Telecoms giant to plug £7bn pensions deficit
BT rolling out ultra-fast broadband across UK
The company’s existing network now covers three-quarters of the country and said strong demand from all telecoms providers was driving take-up in a competitive market.
BT’s announcement came alongside third quarter figures showing underlying revenue dipped by 2% but a 2% rise in EBITDA following a programme of cost cutting.
Chief executive Gavin Patterson said now was the time to roll out the next phase of broadband technology.
“This quarter we have delivered good growth in profit before tax and strong free cash flow,” he said in a statement.
“Openreach achieved the highest growth in the number of landlines on record. It was also our best ever quarter for fibre broadband net additions. All the major communications providers are responding to the strong market demand for fibre broadband, helping to drive take-up in what is already a very competitive market.

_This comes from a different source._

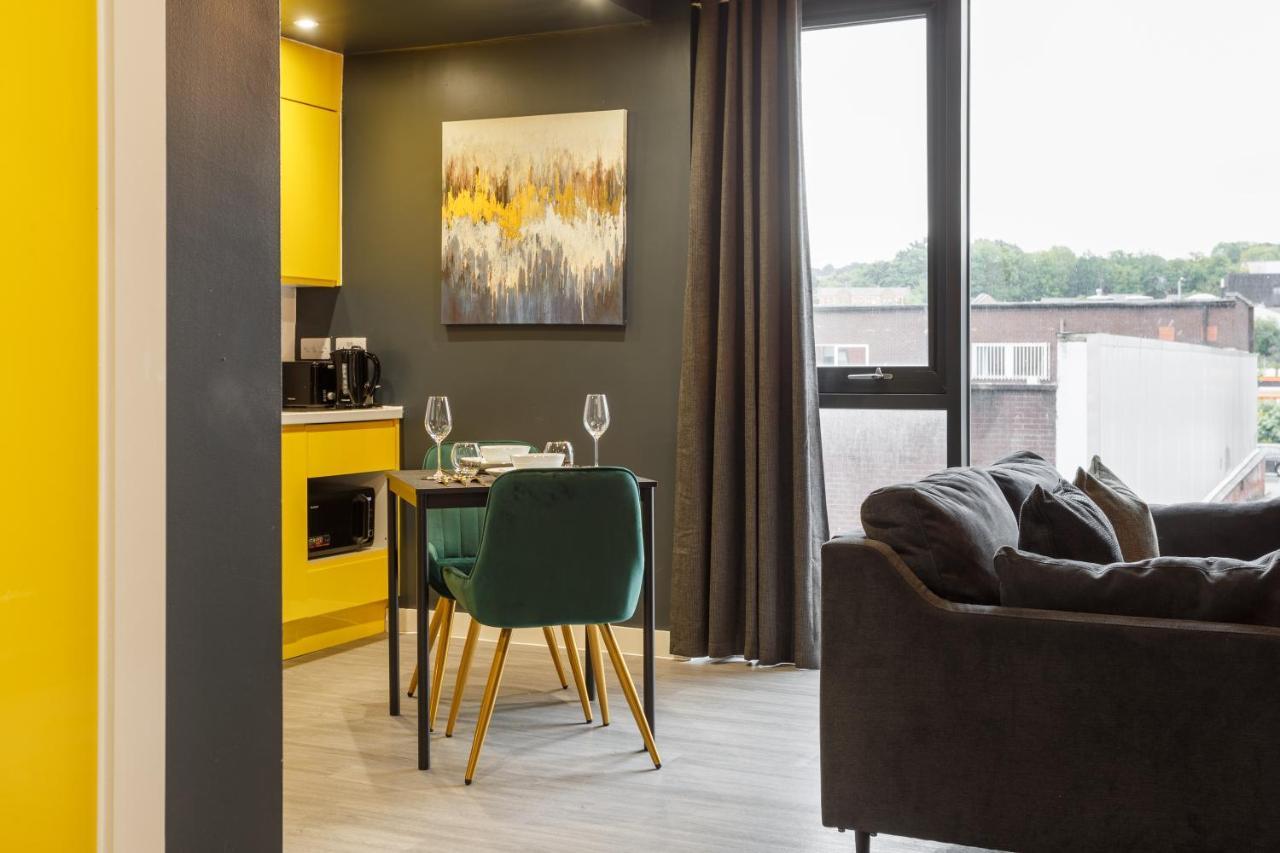 Opulence Studio In Шефилд Экстерьер фото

“Our superfast fibre broadband network now covers around three-quarters of the UK. BT has been at the forefront of fibre innovation and investment, from which all communications providers benefit. We aim to keep it that way. So today we’re announcing large-scale pilots this summer of ultrafast broadband with G.fast. We now think we can deploy this technology at scale which will enable us to deliver ultrafast speeds of up to 500Mbps to most of the UK within a decade.”
The company has also agreed a 16 year recovery plan to bridge a £7 billion shortfall in its pension scheme. It will pay £2 billion into the scheme over the next three years, less than it paid over the previous three years. Further payments will follow each year util 2030.
Mr Patterson said it was able to make these payments because of its strong future cash flow generation.
He said good progress was being made towards the acquisition of mobile network EE.
The pensions recovery plan
Over the next three years payments will total £2bn. BT will pay £1.5bn by the end of April 2015 out of existing cash and current investment balances which totalled £2.8bn at 31 December 2014. This will be followed by £250m in each of the years to March 2016 and March 2017.
For the seven years from 2018 to 2024 BT will make payments in line with the 2011 agreement. These will be followed by five annual payments of £495m through to 2029 and a final payment of £289m in 2030.
BT and the Trustee will review the funding of the scheme at the 2017 valuation. If the deficit is lower than the remaining recovery plan, that reduction will be reflected in the new recovery plan.
BT has agreed to continue to provide the Trustee with certain protections as detailed in the notes below. BT has also discussed details of the potential acquisition of EE with the Trustee.
Tony Chanmugam, BT group finance director, said: “This agreement is a good outcome for the Scheme’s 300,000 members and BT. The increase in the deficit from the 2011 valuation reflects the low interest rate environment. We have agreed a 16 year recovery plan reflecting the strength and sustainability of our future cash flow generation.
“We remain focused on our prudent financial policy of investing in our business, reducing net debt, supporting the pension fund and paying progressive dividends.”
Paul Spencer, chairman of the BTPS Trustee, said: “The valuation reflects the economic and market conditions at the valuation date and the improved financial position of BT. The agreement with BT secures an updated funding plan for the Scheme supported by a range of enhanced protections.”